Every year, almost five million Christians make pilgrimage to the Vatican to celebrate and grow in their faith, and to see the many sites rich in the history of the Church. Visitors might expect to see the Vatican museums, the legendary frescoes of the Sistine chapel, or Saint Peter’s Basilica. However, there is one site any visitor would probably never think they would see – a horse. While it may sound strange, its a possibility thanks to a little-known obscure rule allowing for certain people to ride horses within Saint Peter’s Basilica.

The rule is a special privilege given only to the members of three specific papal orders of knighthood, special orders of knighthood bestowed in the name of the Pope through his authority as the head of the Holy See and sovereign of the Vatican City State.

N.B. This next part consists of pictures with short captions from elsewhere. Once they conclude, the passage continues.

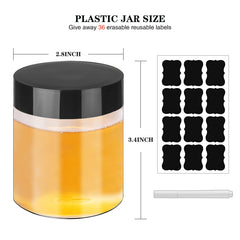 Hajoyful 36-pack plastic jars showing organized cosmetic storage solution.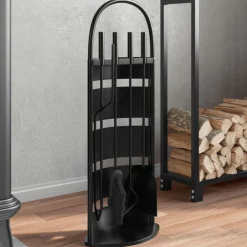 Houtkachel- & Haardaccessoires*vidaXL 5-delige openhaardgereedschapset 23x15x66 cm staal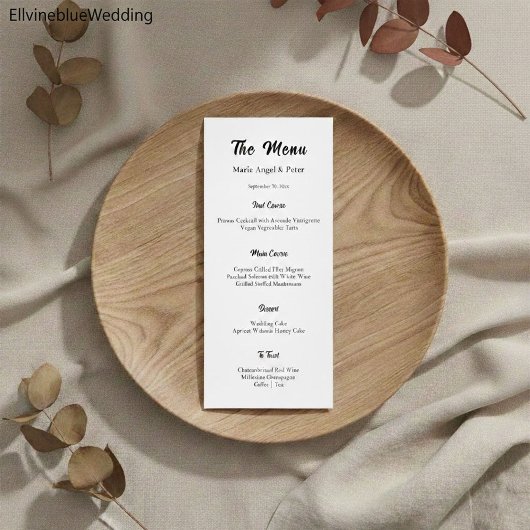 Minimalistische Elegante Typografie Trouwmenu Menu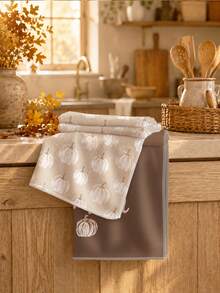 2pcs Minimalist Autumn Pumpkin Pattern Kitchen Towels, Soft Polyester Dish Cloths, Suitable For Kitchen Decor, Kitchen Cleaning, Holiday Party Decoration, Kitchen & Bathroom Supplies, Home Essentials, Home Decor, Housewarming Gift - Multicolor - View 6
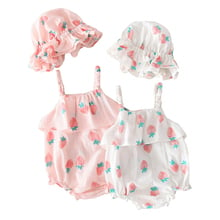 0-18M 2PCS/Set Summer Newborn Infant Baby Girl Bodysuit Cotton Strawberry Printing Playsuit with Hat Pink Sling Bodysuits 2024 - buy cheap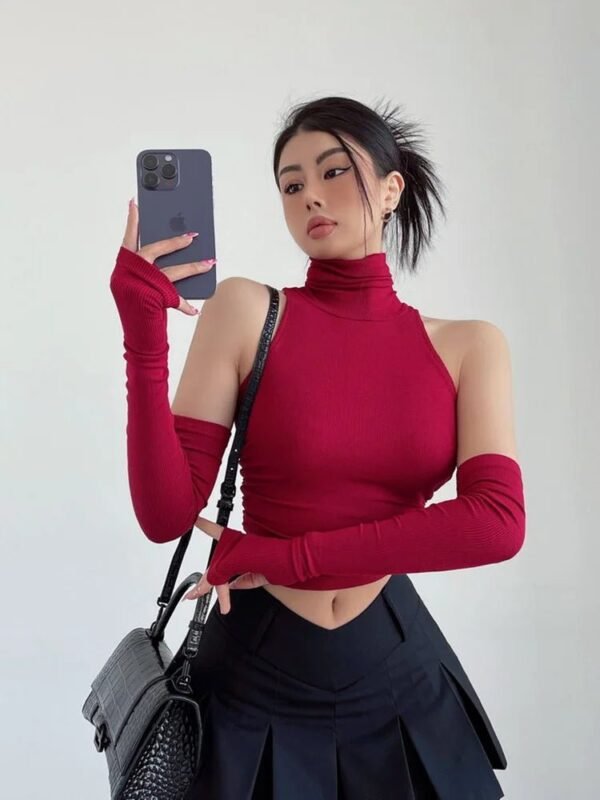Women’s Pleated High-Neck Crop Top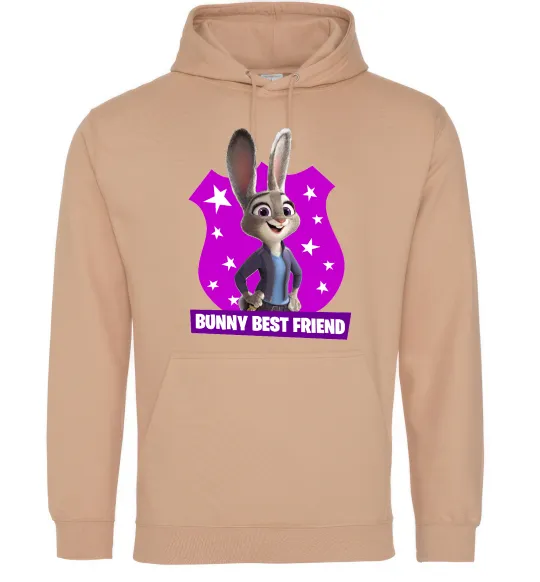 Мужская толстовка (худи) Bunny Best Friend Песочный фото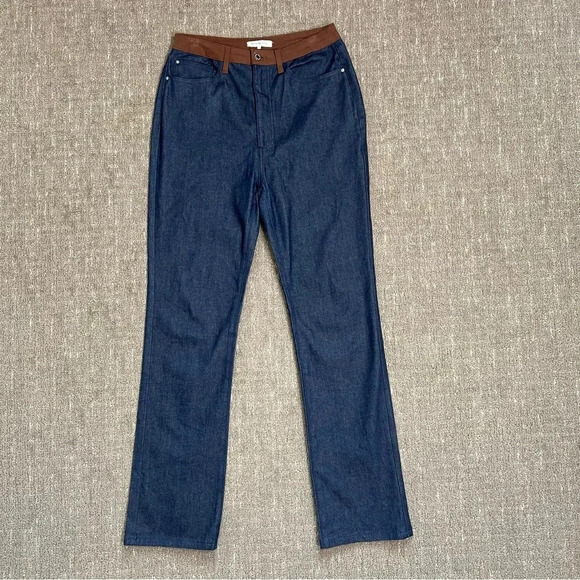 WeWoreWhat Icon Straight Leg Jean Size 31 Blue Denim with Brown Accent Pockets - Picture 10 of 11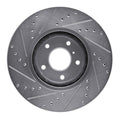 R1 09-23 Nissan 370Z Front Right Drilled & Slotted Silver Brake Rotor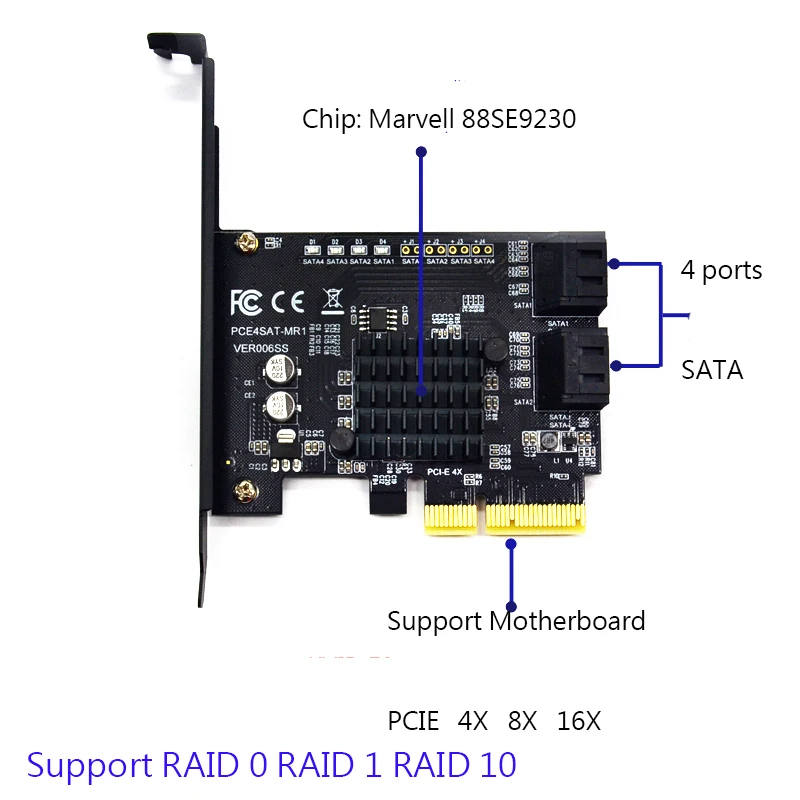 

4 Ports SATA 6G PCI Express Controller Card PCI-e 4x To SATA III 3.0 88SE9230 chip support PCI-E 4X 8X 16 /RAID for SSD HDD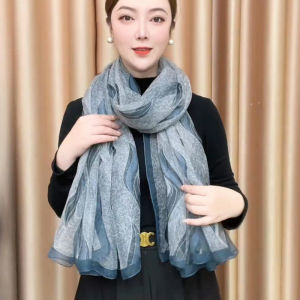 Oversized Square Dance Scarf Female Spring & Fall Fashionable Stylish Scarf Long Wild Sunscreen Shawl Thin Mother Scarf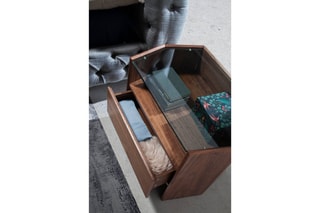 Table de chevet Imitation noyer et transparent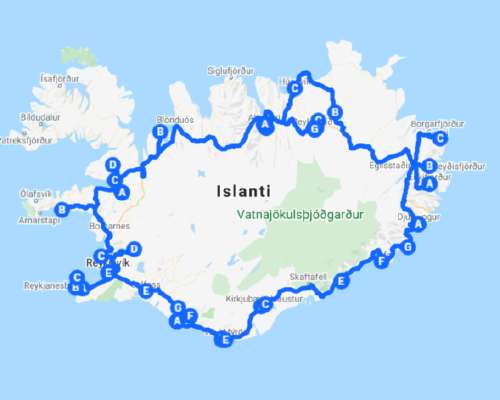 Road trip Islannin ympäri – autoreitti kartalla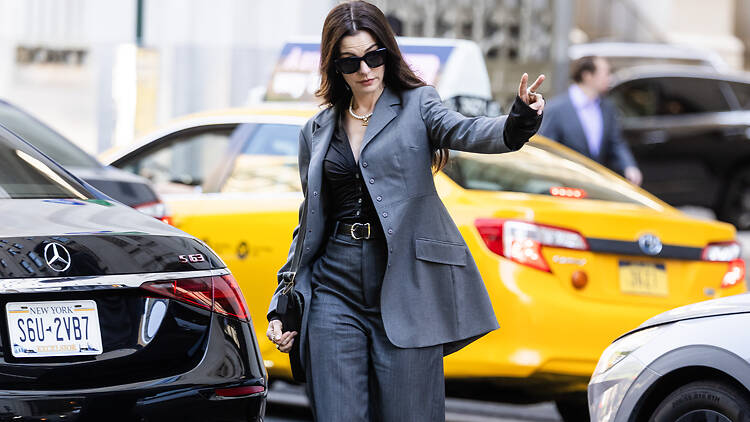 Anne Hathaway is seen filming "The Devil Wears Prada 2" in Madison Square Park on August 27, 2025 in New York City
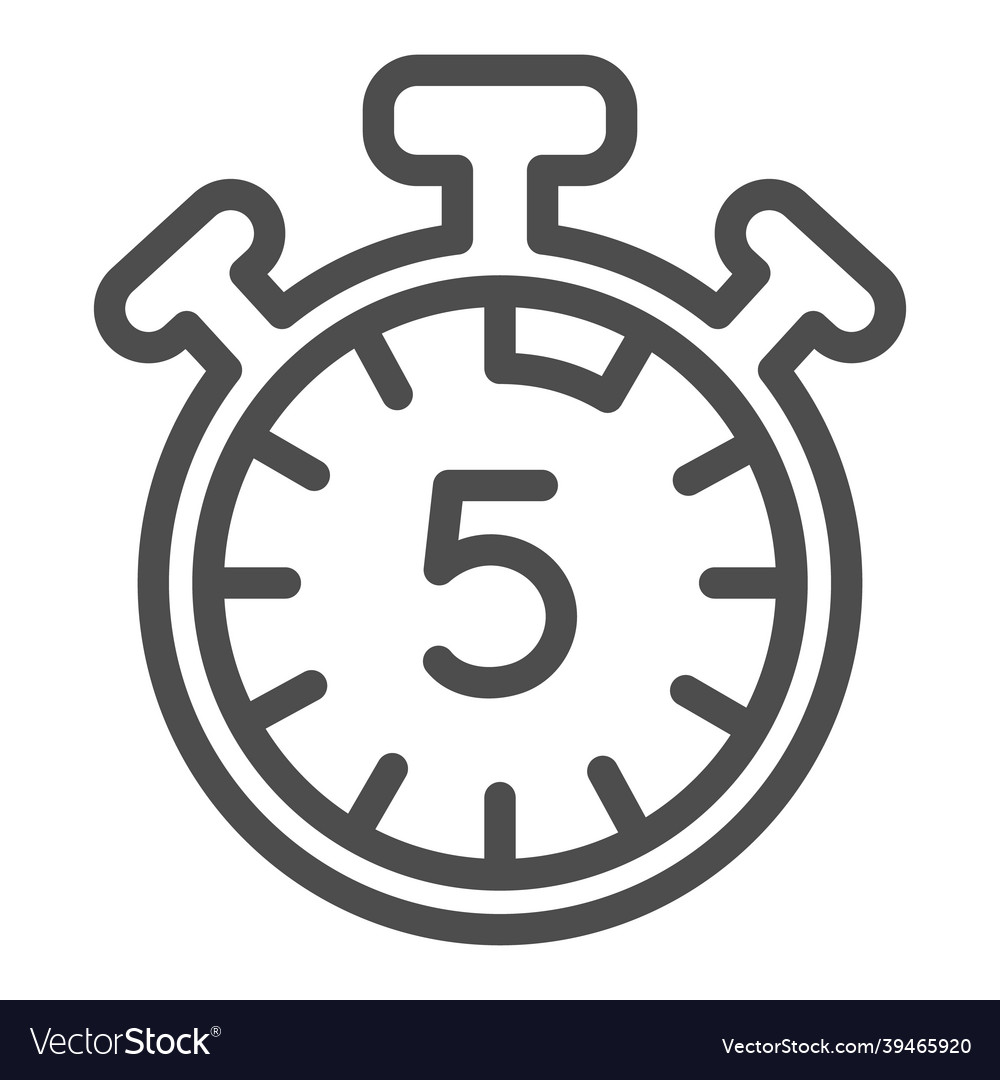 Stopwatch with buttons 5 seconds timer vector image Stopwatch with buttons 5 seconds timer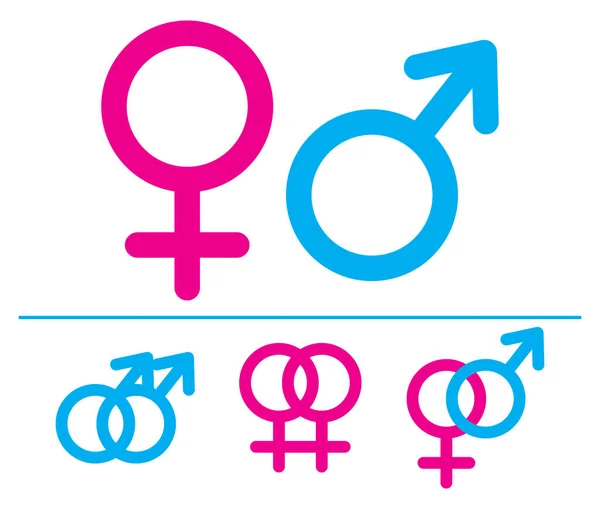 Symboles Masculin Féminin Illustrations Vectorielles Combinaisons — Image vectorielle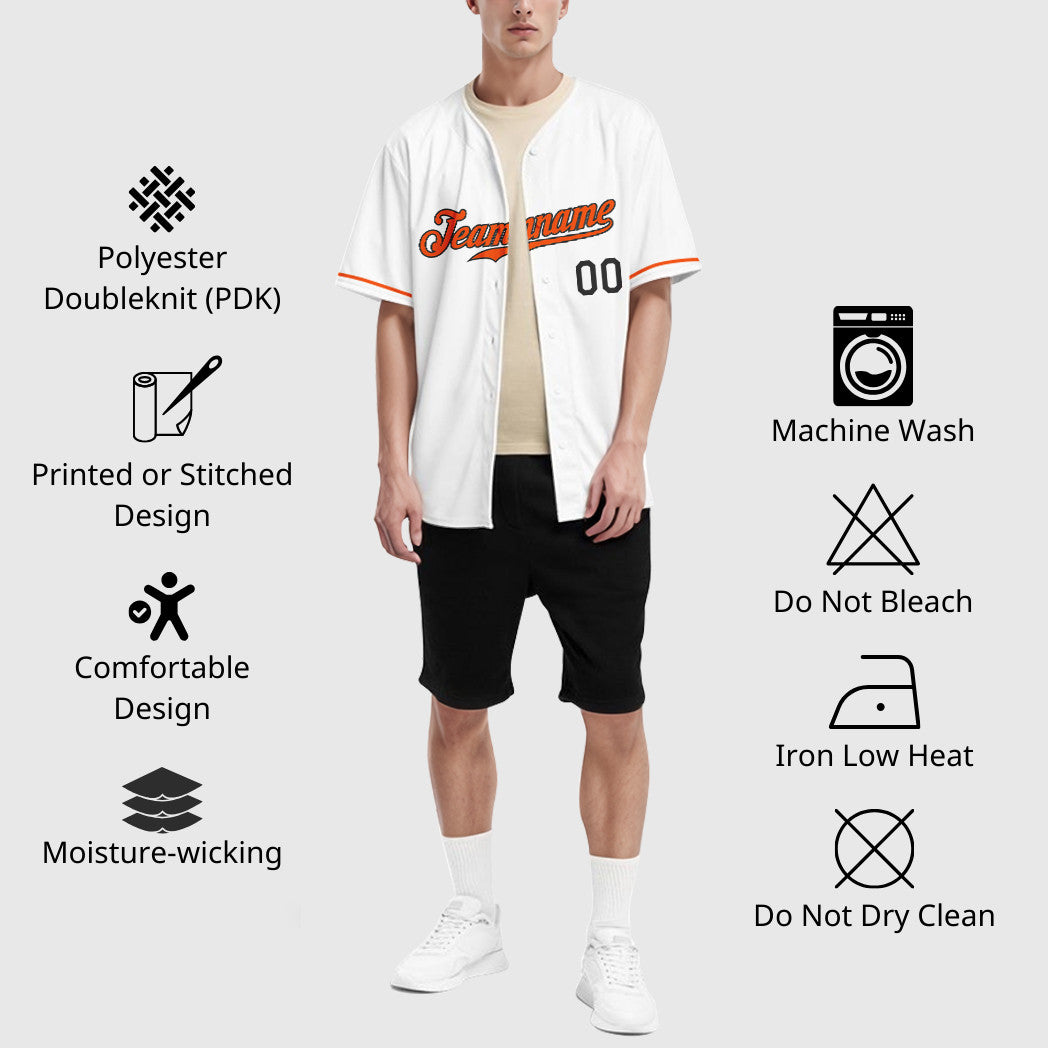 Custom White Black Orange Baseball Jersey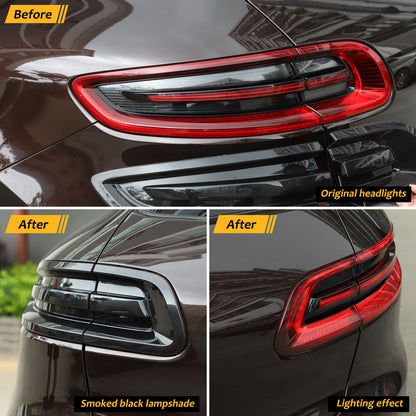 Smoked Black Rear Tail light Lamp Cover Trim Bezel For Porsche Macan 95B 2015-18 6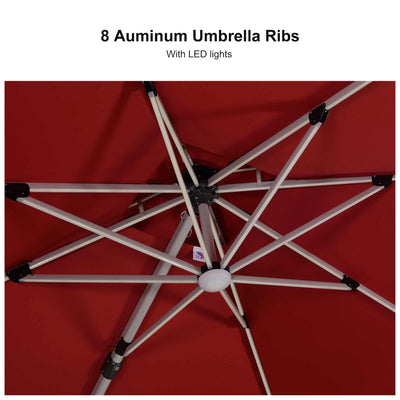 PURPLE LEAF – Parasol de terrasse rouge avec base, parasol extérieur déporté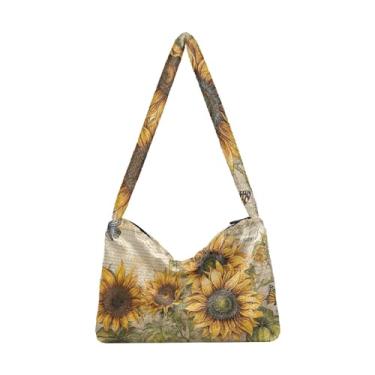 Imagem de GAIGEO Bolsa de ombro feminina para livro de borboleta com flor de girassol, bolsa de ombro de 33 cm, bolsa de ombro feminina, Cartão postal de borboleta de flor de girassol, One Size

Of the current five papal orders of knighthood currently awarded directly by the Holy See, only two are given the privilege. These two orders are the The Papal Order of Saint Sylvester and the Papal Order of Saint Gregory the Great. A Pope can award the honor to any Catholic, clergy or laity.

While completely honorific, members of the Order of Saint Sylvester are given two special privileges: a special decorated uniform to wear including a saber, and the ability to enter any church on horseback – specifically Saint Peters’ Basilica. The same privileges are afforded to any member of the Order of Saint Gregory the Great.